I woke up this morning to find my urchin eating a sand sifting star. Has anyone ever seen this before? Will it try to catch my fish?


----------



## RR37 (Nov 6, 2012)

1) Was he actually eating the star ?

2) Was the star already dead ?


----------



## zr2bs4 (Nov 18, 2011)

No the star is still alive. It ate another star about 2 weeks ago. I thought the star was starving to death because it had lost part of two arms so I let the urchin eat it before it buried itself and died. Looks like it has developed a taste for meat.


----------



## J_T (Mar 25, 2011)

The star was dying. Your sand bed is way too clean for sand sifting stars. And if you had more than one, they would eat everything very fast. 

Was the urchin really eating it would be my question. Or did you happen upon a urchin moving over the sand/star?

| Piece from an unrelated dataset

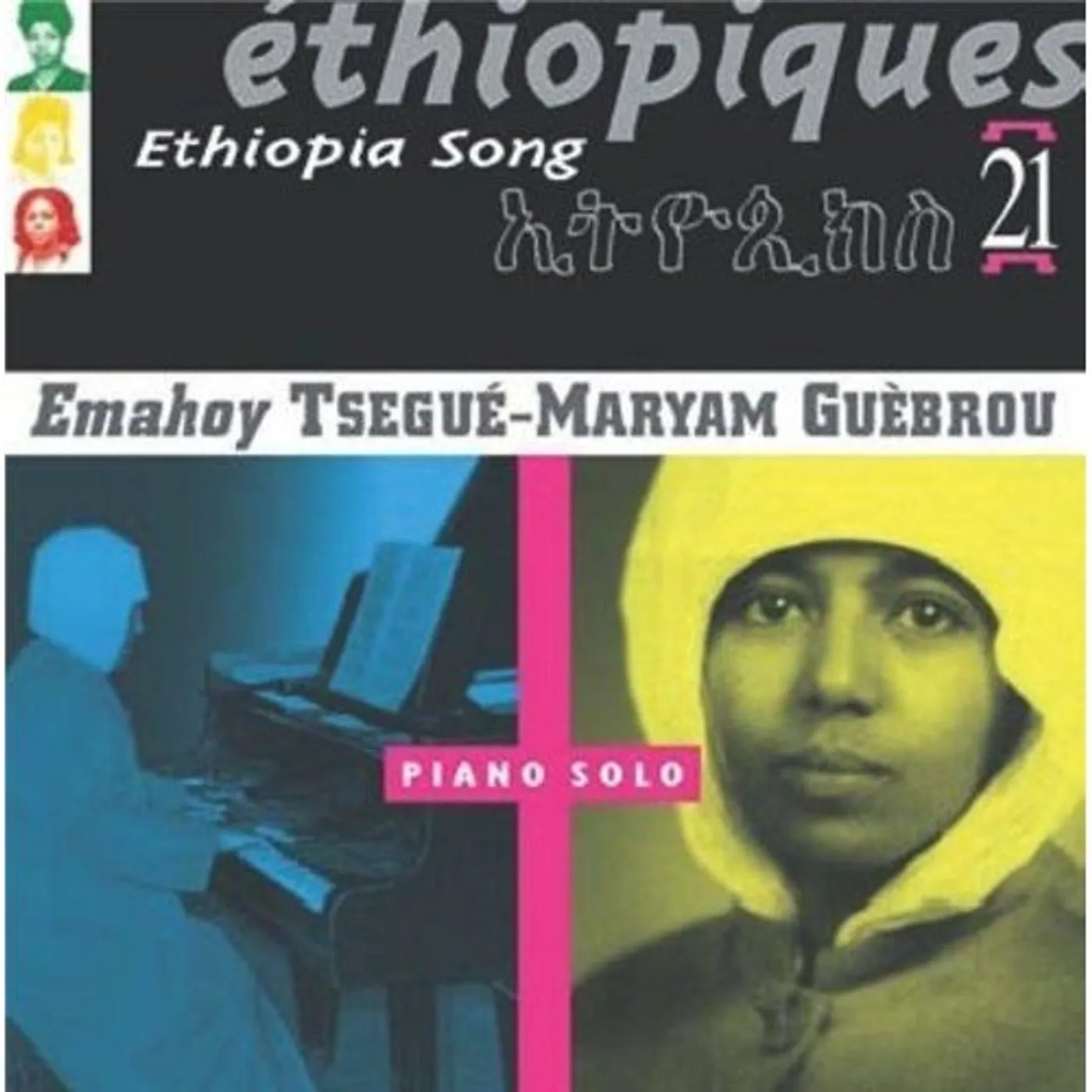 Tsegue-Maryam Emahoy Guebrou ETHIOPIQUES 21: ETHIOPIA SONG CD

Posted with my Xperia, using Tapatalk 2


----------



## RR37 (Nov 6, 2012)

J_T said:


> The star was dying. Your sand bed is way too clean for sand sifting stars. And if you had more than one, they would eat everything very fast.
> 
> Was the urchin really eating it would be my question. Or did you happen upon a urchin moving over the sand/star?
> 
> Posted with my Xperia, using Tapatalk 2


^ that's kinda where I was going. Agreed.


----------



## Chromey (Sep 25, 2010)

WOW That sand Is spot-less.


----------



## pat3612 (Jan 29, 2008)

First off how big is your tank, its easy to say your sand is so clean, my sand is dirty at night but in the morning it spotless. I know my sandsifting starfish gets really hungry he gets on the glass, you can keep your tank too clean. I agree with the guys, he was probably dying I have urchins and they cant eat flesh their mouths are not made that way its imposable. Like the guys said he was munching on algae on the star fish or just moving over him. What else do you have in the tank fish wise.


----------



## Giancarlo (Aug 6, 2012)

i have had an urchin, eat some of my sps... so who knows what else they might eat.


----------